A protein-rich bowl with grilled chicken, romaine, creamy dressing, and crunchy toppings for a satisfying meal.
# What You'll Need:
→ Chicken
01 - 2 large boneless, skinless chicken breasts (approximately 1.1 lbs)
02 - 1 tablespoon olive oil
03 - 1 teaspoon garlic powder
04 - 1 teaspoon dried Italian herbs
05 - ½ teaspoon salt
06 - ¼ teaspoon black pepper
→ Salad Base
07 - 2 large heads romaine lettuce, chopped
08 - 1 cup cherry tomatoes, halved
09 - 1 small cucumber, diced
10 - ½ red onion, thinly sliced
11 - ½ cup shaved Parmesan cheese
→ Toppings
12 - ½ cup roasted chickpeas or gluten-free croutons (optional)

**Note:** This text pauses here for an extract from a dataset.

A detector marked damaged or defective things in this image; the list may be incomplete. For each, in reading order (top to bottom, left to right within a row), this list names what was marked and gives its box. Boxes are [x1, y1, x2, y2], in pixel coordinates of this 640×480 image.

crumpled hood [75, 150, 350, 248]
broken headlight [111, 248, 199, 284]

13 - ¼ cup toasted pine nuts (optional)
14 - Freshly ground black pepper, to taste
→ Caesar Dressing
15 - ⅓ cup mayonnaise
16 - 2 tablespoons fresh lemon juice
17 - 2 teaspoons Dijon mustard
18 - 2 teaspoons Worcestershire sauce
19 - 2 anchovy fillets, mashed (or 1 teaspoon anchovy paste)
20 - 1 garlic clove, finely minced
21 - ¼ cup grated Parmesan cheese
22 - Salt and pepper, to taste
23 - 2 tablespoons water (to thin dressing as needed)
# How to Make It:
01 - Heat grill or grill pan to medium-high temperature.
02 - Coat chicken breasts with olive oil, garlic powder, dried Italian herbs, salt, and black pepper.
03 - Cook chicken for 6 to 7 minutes per side until fully cooked and juices run clear. Allow to rest for 5 minutes before slicing thinly.
04 - Whisk together all dressing ingredients in a bowl until smooth, adding water to achieve desired consistency.
05 - In a large bowl, combine chopped romaine, cherry tomatoes, cucumber, and red onion. Toss with half of the dressing.
06 - Divide salad mixture evenly into four serving bowls. Top each with sliced chicken, shaved Parmesan, roasted chickpeas or gluten-free croutons, and pine nuts if using.
07 - Drizzle the remaining dressing over each bowl and garnish with freshly ground black pepper. Serve immediately.